*ABOUT THIS TASK:*
The line containing "Reesa Qualia Beach" marks the end: write out exactly every line from the first line of the data below through that line, and only those.

*PROVIDED DATA:*
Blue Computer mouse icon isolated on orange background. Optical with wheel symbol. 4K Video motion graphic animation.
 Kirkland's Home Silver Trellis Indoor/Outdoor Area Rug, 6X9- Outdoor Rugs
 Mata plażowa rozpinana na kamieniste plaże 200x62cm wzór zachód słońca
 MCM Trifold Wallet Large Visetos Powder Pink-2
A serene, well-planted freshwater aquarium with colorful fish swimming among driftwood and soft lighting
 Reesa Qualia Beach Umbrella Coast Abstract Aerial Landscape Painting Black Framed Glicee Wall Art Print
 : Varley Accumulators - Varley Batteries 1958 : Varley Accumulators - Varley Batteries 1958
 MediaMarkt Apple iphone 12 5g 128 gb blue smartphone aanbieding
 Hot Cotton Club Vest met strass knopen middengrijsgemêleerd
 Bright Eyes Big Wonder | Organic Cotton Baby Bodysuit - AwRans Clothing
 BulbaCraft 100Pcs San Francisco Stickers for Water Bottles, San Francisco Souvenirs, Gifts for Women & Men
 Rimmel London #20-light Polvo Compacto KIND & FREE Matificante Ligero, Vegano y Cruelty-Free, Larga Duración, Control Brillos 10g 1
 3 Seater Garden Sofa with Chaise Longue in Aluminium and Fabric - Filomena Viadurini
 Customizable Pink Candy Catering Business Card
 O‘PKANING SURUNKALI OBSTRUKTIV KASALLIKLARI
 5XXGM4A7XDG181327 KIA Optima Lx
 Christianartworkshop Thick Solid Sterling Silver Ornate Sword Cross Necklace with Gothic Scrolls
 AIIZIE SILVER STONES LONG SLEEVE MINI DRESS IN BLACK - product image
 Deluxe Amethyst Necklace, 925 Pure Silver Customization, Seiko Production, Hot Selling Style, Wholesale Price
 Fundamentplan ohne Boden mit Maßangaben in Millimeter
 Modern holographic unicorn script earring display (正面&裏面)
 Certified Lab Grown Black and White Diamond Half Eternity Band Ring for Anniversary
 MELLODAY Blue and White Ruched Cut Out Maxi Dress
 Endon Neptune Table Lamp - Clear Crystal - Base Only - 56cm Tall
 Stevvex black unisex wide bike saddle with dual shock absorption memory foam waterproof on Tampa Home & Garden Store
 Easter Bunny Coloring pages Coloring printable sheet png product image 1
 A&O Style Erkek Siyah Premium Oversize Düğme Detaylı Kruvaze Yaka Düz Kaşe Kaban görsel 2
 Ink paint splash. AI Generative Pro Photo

*EXERCISE OUTPUT:*
Blue Computer mouse icon isolated on orange background. Optical with wheel symbol. 4K Video motion graphic animation.
 Kirkland's Home Silver Trellis Indoor/Outdoor Area Rug, 6X9- Outdoor Rugs
 Mata plażowa rozpinana na kamieniste plaże 200x62cm wzór zachód słońca
 MCM Trifold Wallet Large Visetos Powder Pink-2
A serene, well-planted freshwater aquarium with colorful fish swimming among driftwood and soft lighting
 Reesa Qualia Beach Umbrella Coast Abstract Aerial Landscape Painting Black Framed Glicee Wall Art Print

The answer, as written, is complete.